In the State of the Union address, President Barack Obama introduced his proposed changes to the cyber security laws. What does this mean for you? With Obama's new proposed laws, simply clicking on a link could make you a criminal. Even sharing a password with a friend could get you into more trouble than you'd expect.
Before, hacking was considered something that was meant to defraud someone, with intent to steal money or information about that person. The term that the CFAA (Criminal Fraud and Abuse Act) uses is "exceeds authorized access." The computer being hacked had to contain financial, personal or government information. With these changes the White House has made, anyone who willingly accesses a computer that isn't their own, can now be considered a hacker. This means for example using a work computer for personal reasons could now be considered a crime. By doing this they are basically making an unclear law even more ambiguous.
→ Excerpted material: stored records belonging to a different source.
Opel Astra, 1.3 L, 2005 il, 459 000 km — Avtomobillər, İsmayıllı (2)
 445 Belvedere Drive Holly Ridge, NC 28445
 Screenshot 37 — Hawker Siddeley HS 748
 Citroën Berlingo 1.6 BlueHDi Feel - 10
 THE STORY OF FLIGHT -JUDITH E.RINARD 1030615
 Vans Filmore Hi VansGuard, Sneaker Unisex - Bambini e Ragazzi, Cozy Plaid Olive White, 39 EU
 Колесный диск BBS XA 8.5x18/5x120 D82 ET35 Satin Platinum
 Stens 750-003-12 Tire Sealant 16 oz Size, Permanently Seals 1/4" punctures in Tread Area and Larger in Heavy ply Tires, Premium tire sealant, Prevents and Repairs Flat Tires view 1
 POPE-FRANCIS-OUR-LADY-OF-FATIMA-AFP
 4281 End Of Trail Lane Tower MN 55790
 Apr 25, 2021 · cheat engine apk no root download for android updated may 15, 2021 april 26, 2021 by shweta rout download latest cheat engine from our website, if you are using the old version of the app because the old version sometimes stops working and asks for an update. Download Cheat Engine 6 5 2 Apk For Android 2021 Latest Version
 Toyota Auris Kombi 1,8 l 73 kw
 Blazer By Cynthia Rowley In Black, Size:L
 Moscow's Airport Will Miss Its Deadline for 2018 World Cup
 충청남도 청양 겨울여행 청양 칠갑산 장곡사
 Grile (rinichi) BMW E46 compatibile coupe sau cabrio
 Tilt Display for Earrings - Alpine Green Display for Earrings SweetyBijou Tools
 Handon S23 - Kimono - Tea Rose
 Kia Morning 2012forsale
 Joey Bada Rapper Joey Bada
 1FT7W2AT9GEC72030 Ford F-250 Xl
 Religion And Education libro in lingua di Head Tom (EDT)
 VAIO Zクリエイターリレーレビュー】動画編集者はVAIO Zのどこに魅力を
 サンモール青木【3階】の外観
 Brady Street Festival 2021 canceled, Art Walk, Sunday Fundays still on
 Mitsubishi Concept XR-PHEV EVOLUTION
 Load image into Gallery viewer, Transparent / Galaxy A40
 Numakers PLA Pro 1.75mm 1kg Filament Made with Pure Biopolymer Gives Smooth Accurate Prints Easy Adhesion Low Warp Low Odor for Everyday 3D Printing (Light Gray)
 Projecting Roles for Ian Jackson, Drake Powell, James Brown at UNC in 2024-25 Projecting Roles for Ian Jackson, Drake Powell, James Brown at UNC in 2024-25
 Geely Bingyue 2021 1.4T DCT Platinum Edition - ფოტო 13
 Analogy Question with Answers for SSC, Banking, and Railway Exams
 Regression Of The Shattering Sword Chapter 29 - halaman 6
Almost anyone could be considered a hacker with this new definition.
These new proposed broad laws make it even harder to define what a hacker really is. If you sneak a peek at your friends laptop or use a work computer to check Facebook does this make you a criminal? It seems that these laws are aiming to give more prison time for smaller offenses, which would seem unproductive. Although we do not know much about these new laws yet, and it hard to say what will really happen with them, it is always good to know what the laws are. In such a tech savvy day and age, we should be aware of our rights as computer owners, and also as people who are accessing the web daily, using data and putting our personal information into cyberspace.